THE WHISTLERS is Romanian director Corneliu Porumboiu’s (POLICE, ADJECTIVE, 12:08 EAST OF BUCHAREST) new mafia thriller about a corrupt cop who is taken to the Canary Islands in order to learn a new coded form of communication—a whistling language. This is based on a real-world language that is indigenous to the Canary Islands. The film stars Vlad Ivanov (SNOWPIERCER), Sabin Tambrea (LUDWIG II), and Catrinel Marlon. It made its world premiere at Cannes and its North American Premiere at the Toronto International Film Festival, which Sloan Science and Film attended. THE WHISTLERS will make its New York premiere at the New York Film Festival on October 6.

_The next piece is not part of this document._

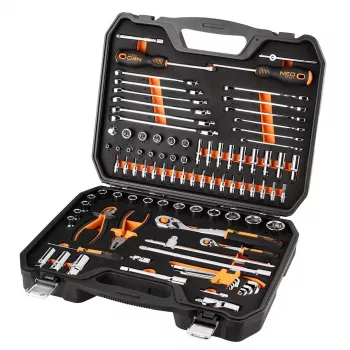 NEO TOOLS Dopsleutelset 1/2, 1/4, 95 stuks, CrV, EVA-schuim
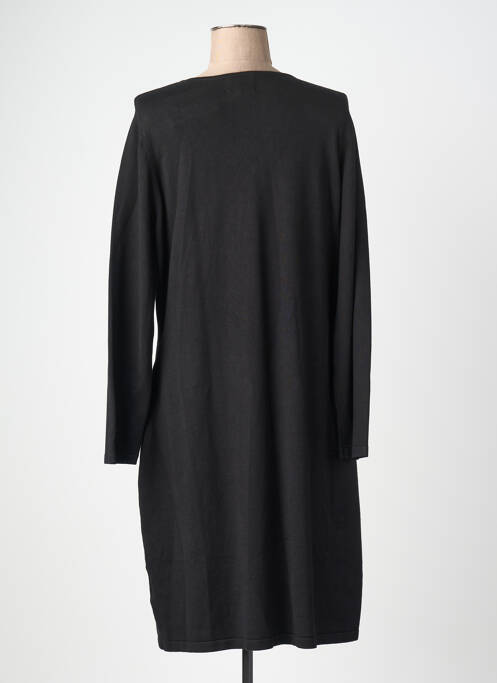 Robe mi-longue manches longues manches longues noir LEO & UGO femme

THE WHISTLERS is Romania’s entry into the 92ndAcademy Awards. We sat down with writer and director Corneliu Porumboiu at the Hyatt in Torontoto discuss his inspiration for the whistling language in the film.

Science & Film: How did you first hear about the whistling language?

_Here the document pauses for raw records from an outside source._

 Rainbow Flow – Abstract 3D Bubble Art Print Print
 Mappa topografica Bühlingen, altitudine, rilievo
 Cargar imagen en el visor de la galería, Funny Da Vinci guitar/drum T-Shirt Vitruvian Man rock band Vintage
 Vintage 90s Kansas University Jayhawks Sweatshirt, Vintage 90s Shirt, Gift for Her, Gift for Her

Corneliu Porumboiu: I saw a documentary on French television about ten years ago about the whistling language and I got interested right away. I started to read about it. [The whistling language] is a return to something from the beginning. It was quite a long process because it was right in between a few other scripts, and I came back to it after THE TREASURE.


Image courtesy of TIFF

S&F: Can you say more about why the whistling language interested you?

CP: I saw that there are a lot of places in the world where people are whistling. The Canary Islands were colonized in the 15th century by the Spanish so we don’t know how the whistling [sounded] was before. At one point it was for me a speculation about a primary language and after that, to use that in modern day life…

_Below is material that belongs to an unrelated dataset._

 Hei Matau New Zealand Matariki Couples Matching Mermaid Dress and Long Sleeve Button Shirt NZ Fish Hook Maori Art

S&F: I thought it was a pretty ingenious encrypted code. We have all these technologies to encrypt messages, but there is always a way to hack them. Speaking a language that nobody else speaks is actually more cryptic and simple.

CP: It’s also like bird [songs]. So if you don’t know, you are on the street and are listening, you don’t realize someone is speaking [laughs].

The main character knows all the codes, he doesn’t express too much because he’s followed, and all he is doing is coded. He lives in a world where they use language to have power—it is used like a weapon. So I said, okay, he will have to learn a code but it’s a double code. That’s why I was thinking to structure the movie around the process [of learning].

S&F: I was going to ask if you set the film on the Canary Islands, because canary and birdsong, but it sounds like the whistling language is indigenous to the region?

CP: Yeah. It is a UNESCO Heritage site so they are teaching the whistling language in schools—with cell phones they started to lose it so they protected it that way.

S&F: Did you learn it?

CP: I was at the school. They say, this is like a gun, put it in your mouth. I think this inspired me [laughs]. It inspired me a lot. We were in touch with the head of this program [to teach whistling] and he came to Bucharest to train the actors. He spent two weeks with the main actors and then kept up courses on Skype. But me, I wanted to take classes but had something else to do on the film at the time.

S&F: But the actors really did learn?

CP: Yes. It was very hard to fake in a close-up. If he doesn’t know the breathing rhythm…I’m glad I didn’t [use a] double.

S&F: Have you shown the film to anybody on the island?

CP: Yes, at Cannes. The teacher has a small part in the film. He was at the premiere. He whistled. It was funny.

THE WHISTLERS will be distributed by Magnolia Pictures, and will open in U.S. theaters in February 2020. It will make its New York premiere at the New York Film Festival on October 6.